Data items
****

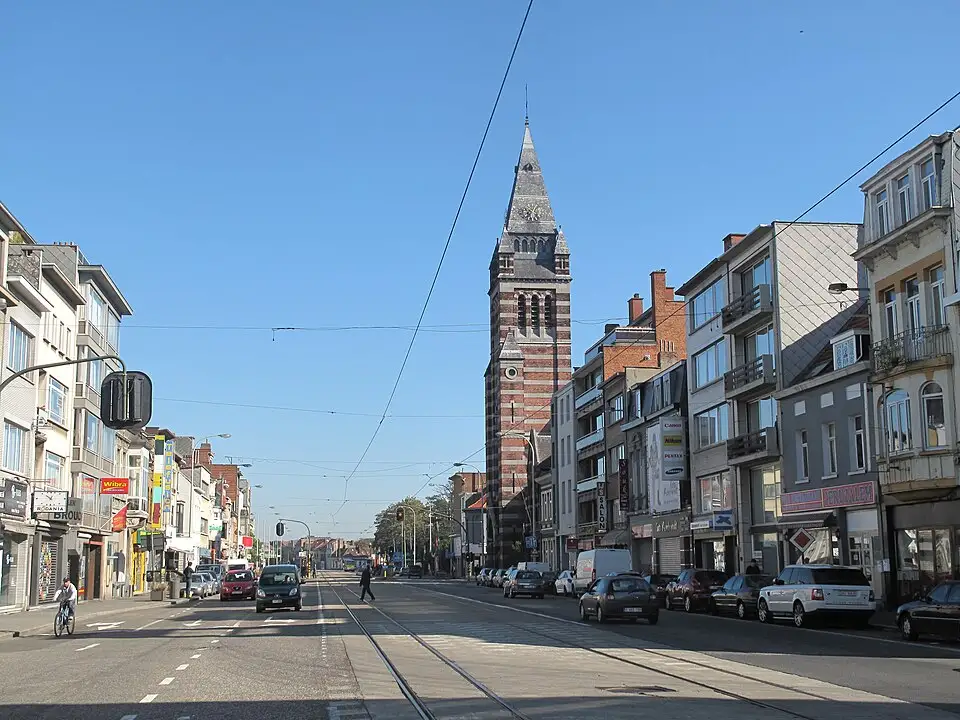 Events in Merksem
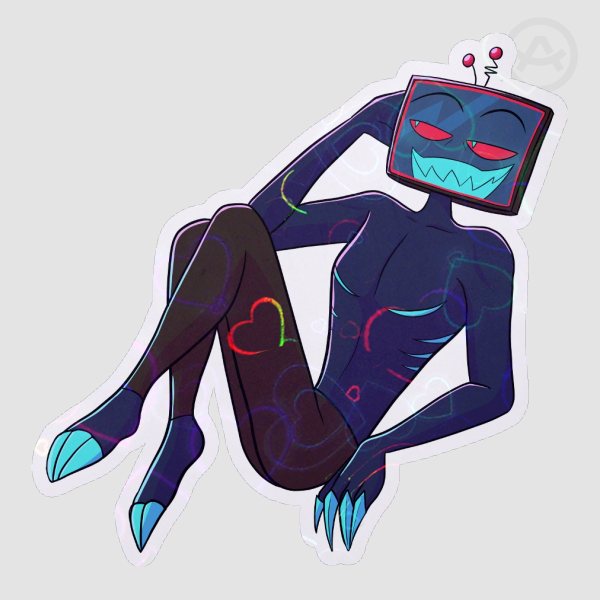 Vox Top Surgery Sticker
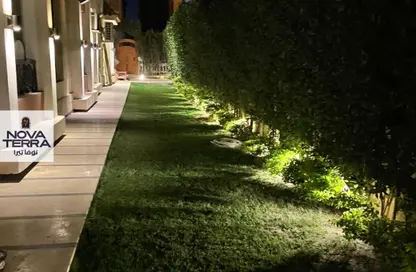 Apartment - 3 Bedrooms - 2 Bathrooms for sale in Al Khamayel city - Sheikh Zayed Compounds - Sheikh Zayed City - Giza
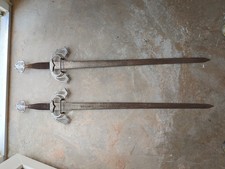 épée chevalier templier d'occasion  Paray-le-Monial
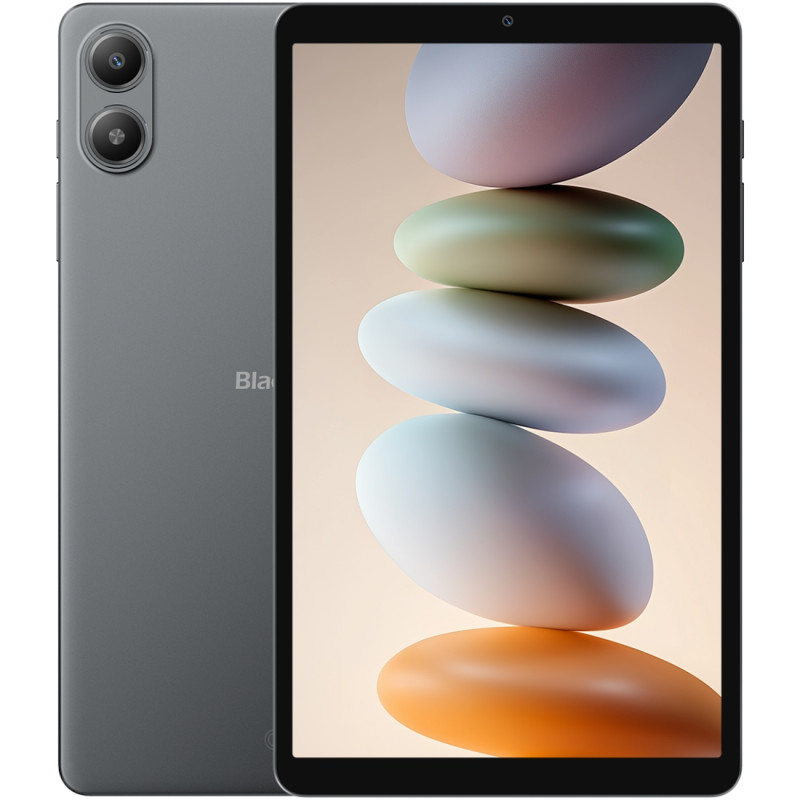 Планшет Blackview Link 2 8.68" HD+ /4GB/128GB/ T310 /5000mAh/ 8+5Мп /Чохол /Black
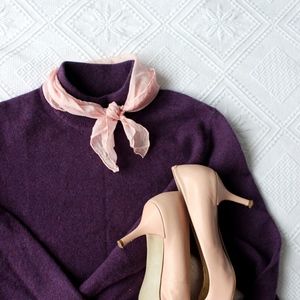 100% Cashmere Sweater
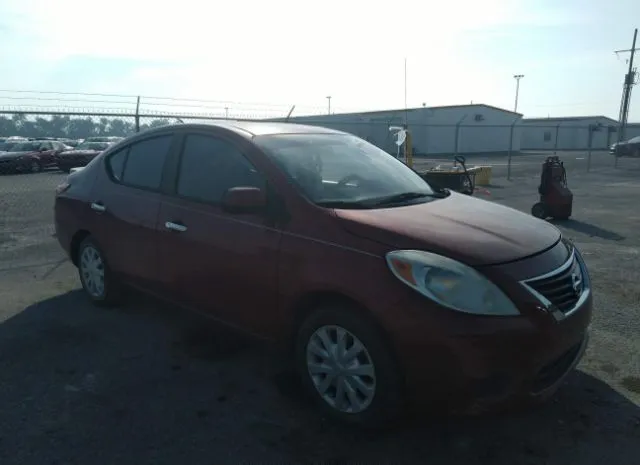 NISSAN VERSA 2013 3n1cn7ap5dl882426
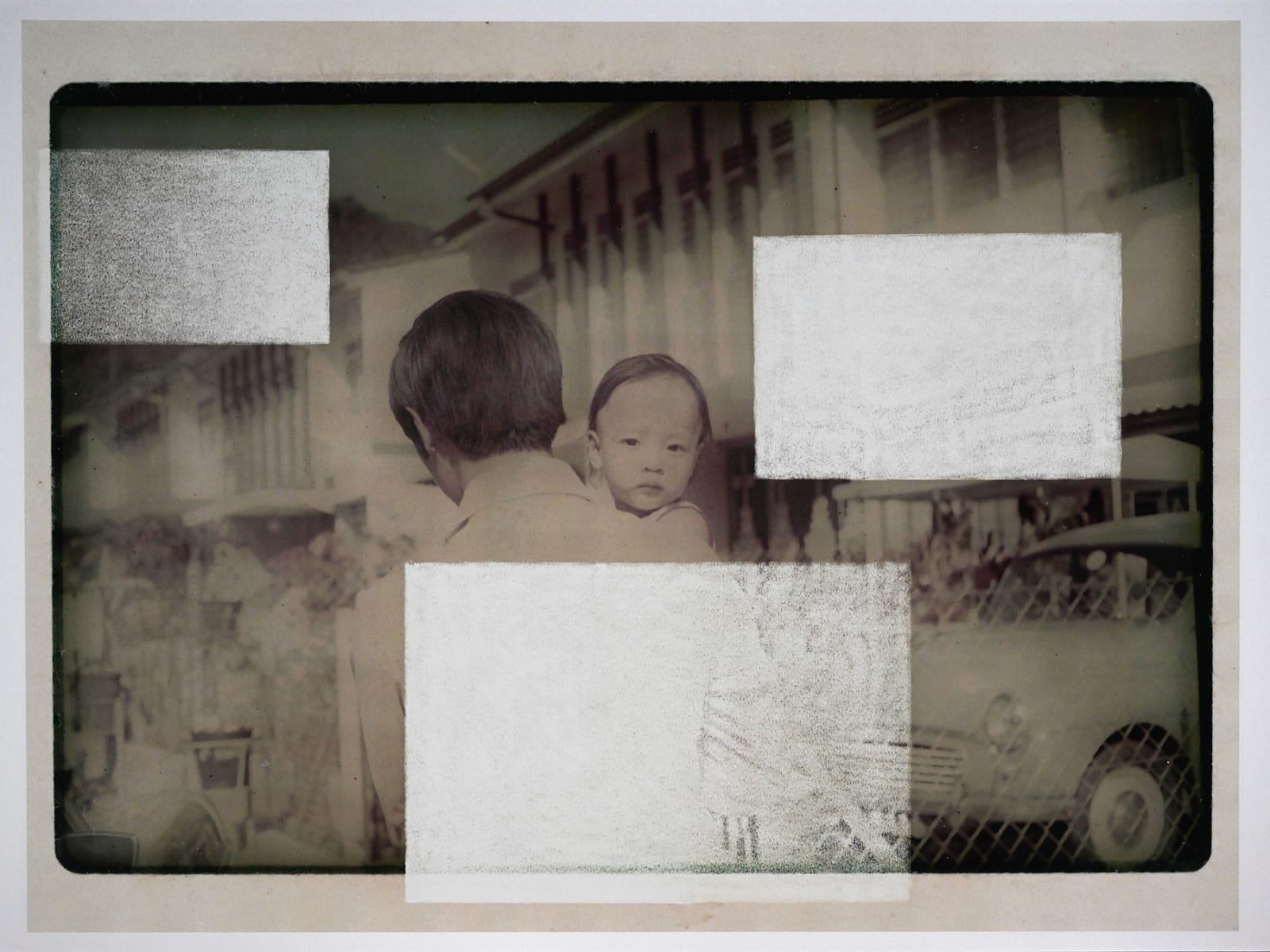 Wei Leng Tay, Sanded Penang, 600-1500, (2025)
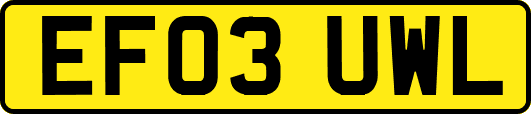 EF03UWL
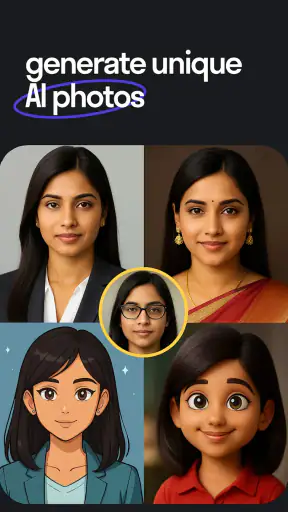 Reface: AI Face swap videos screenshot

****

- EXERCISE INSTRUCTIONS:
In the copy, include exactly the lines from the one with "Планшет Blackview Link" through the final line of the entries above, both ends counted, and no pictures.

- EXPECTED OUTPUT:
 Планшет Blackview Link 2 8.68" HD+ /4GB/128GB/ T310 /5000mAh/ 8+5Мп /Чохол /Black
 100% Cashmere Sweater
 NISSAN VERSA 2013 3n1cn7ap5dl882426
 Wei Leng Tay, Sanded Penang, 600-1500, (2025)
 EF03UWL
 Reface: AI Face swap videos screenshot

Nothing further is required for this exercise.